Думаю, я знаю, почему он свел счеты с жизнью. Конечно, этот чудовищный финал был во многом спровоцирован шоком, который мы все испытали тогда от последней новости. Для него, оставшегося без средств к существованию здесь, без всякой надежды вернуться в Испанию, новость о признании Франко Францией, как и для многих из нас, была признанием победы Франко... И все-таки Рафаэль умер от любви, от любви к своей Стране Басков, которую он уже никогда не увидит, от несостоявшейся любви к моей сестре Кармеле, да и просто от неразделенной любви к жизни.

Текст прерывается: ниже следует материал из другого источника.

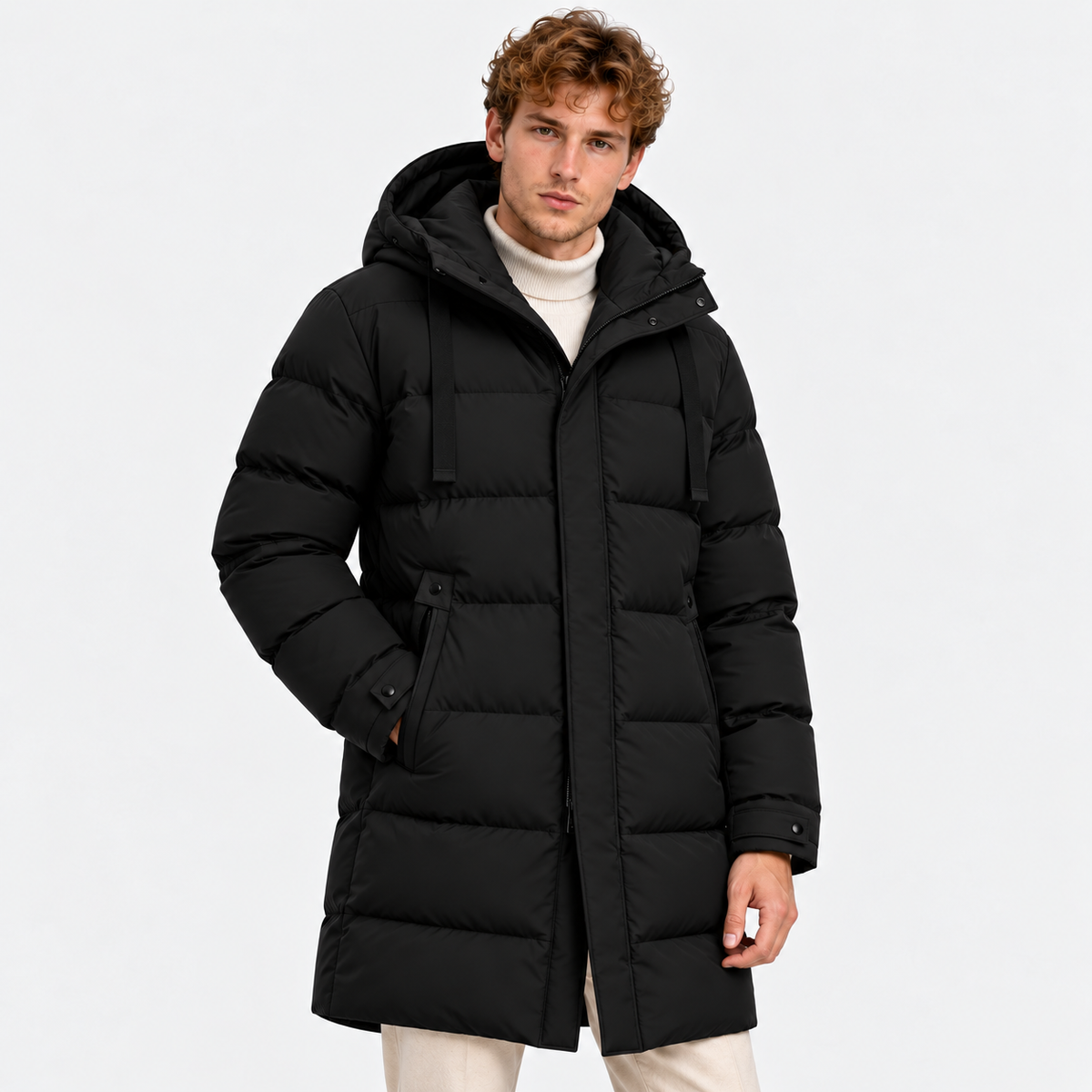 Men's light gray long hooded puffer coat with quilted design and front pockets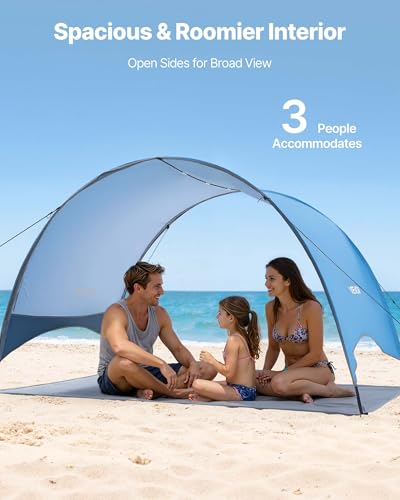 VEVOR Beach Tent Sun Shelter for 3 Person, UPF 50+, Portable Sun Shade Beach with Carrying Bag & Ground Stakes, Lightweight and Easy Setup Beach Umbrella for Camping Fishing Outdoor Picnic - size: 3 Person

Кюре церкви Сен-Мартен отказался хоронить Рафаэля на церковном кладбище. Но его несколько самых близких верных друзей тайком все-таки похоронили его на кладбище Сабау. На его похоронах не было ни одной женщины. Горке тогда не пришлось меня долго уговаривать не ходить на похороны.
С уходом Рафаэля порвалась последняя ниточка, связывавшая меня с прошлым. Мои отношения с Горкой, наши маленькие похождения, ребячества, тайные шалости создавали иллюзию почти счастливой женской судьбы; Горке казалось, что я та самая женщина, которая ему нужна, ну а я так радовалась нашей встрече, была страшно признательна ему за то новое, что он открыл во мне.